Procedural memory stores versioned tool definitions, JSON schemas, prompts, and rules. It is backed by Aurora PostgreSQL.

Types: tool, schema, prompt, rule

Procedural memory is managed via the Aurora schema directly in this version. SDK support is planned for a future release.


Session model

Every piece of working and episodic memory is scoped to an agent_id and a session_id.

  • agent_id — identifies the agent (a logical actor in your system). Reuse the same agent_id across sessions to accumulate history.
  • session_id — identifies a discrete conversation or task run. Use a new session_id for each invocation if you want isolated episodes.

Semantic memory is scoped by agent_id and optionally by namespace.

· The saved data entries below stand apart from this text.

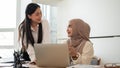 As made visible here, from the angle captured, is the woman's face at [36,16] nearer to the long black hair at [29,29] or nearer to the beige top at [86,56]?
the long black hair at [29,29]

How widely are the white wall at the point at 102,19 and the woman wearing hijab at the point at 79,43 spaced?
58.1 inches

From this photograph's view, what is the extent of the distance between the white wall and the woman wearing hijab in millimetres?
1475

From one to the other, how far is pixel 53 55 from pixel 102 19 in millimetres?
2452

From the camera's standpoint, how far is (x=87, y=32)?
293 centimetres

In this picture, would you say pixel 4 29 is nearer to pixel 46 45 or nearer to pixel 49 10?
pixel 49 10

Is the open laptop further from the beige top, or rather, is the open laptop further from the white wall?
the white wall

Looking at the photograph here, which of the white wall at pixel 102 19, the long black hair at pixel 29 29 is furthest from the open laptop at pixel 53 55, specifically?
the white wall at pixel 102 19

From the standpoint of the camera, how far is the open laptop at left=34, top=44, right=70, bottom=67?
6.93 ft

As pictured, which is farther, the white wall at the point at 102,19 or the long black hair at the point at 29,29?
the white wall at the point at 102,19

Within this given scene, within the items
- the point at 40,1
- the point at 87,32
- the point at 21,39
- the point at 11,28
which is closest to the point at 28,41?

Sessions do not apply to semantic memory.

Example:

agent_id = "research-agent"
  session_id = "sess-2026-01-15"   ← one research task
  session_id = "sess-2026-01-22"   ← next research task

Semantic namespace = "facts"       ← accumulated knowledge across all sessions
Semantic namespace = "preferences" ← user preferences

Multi-tenancy model

Every API key maps to exactly one tenant. Mnemora derives your tenant_id from your API key at the Lambda authorizer layer — you never pass a tenant_id in requests.

Isolation guarantees:

LayerMechanism
DynamoDBPartition key includes tenant_id prefix
Auroratenant_id column + Row-Level Security
S3Object prefix s3://mnemora-data/<tenant_id>/

No request can read or write another tenant's data. All isolation is logical, not physical — the infrastructure is shared.


Vector search

When you call store_memory, the API sends your content to Bedrock Titan and receives a 1024-dimensional float array. That vector is stored in Aurora alongside the raw text.

When you call search_memory, the API:

  1. Embeds your query with the same Bedrock Titan model
  2. Runs an HNSW approximate nearest-neighbor search against all stored vectors for the target agent
  3. Filters out results below the similarity threshold
  4. Returns up to top_k results, sorted by similarity (highest first)

Tuning search:

ParameterDefaultEffect
top_k10Maximum results returned
threshold0.7Minimum cosine similarity for inclusion
namespace(all)Restrict search to a specific namespace
metadata_filter(none)Exact-match filter on metadata fields

Lower threshold returns more results at lower relevance. Higher threshold returns fewer, more precise results.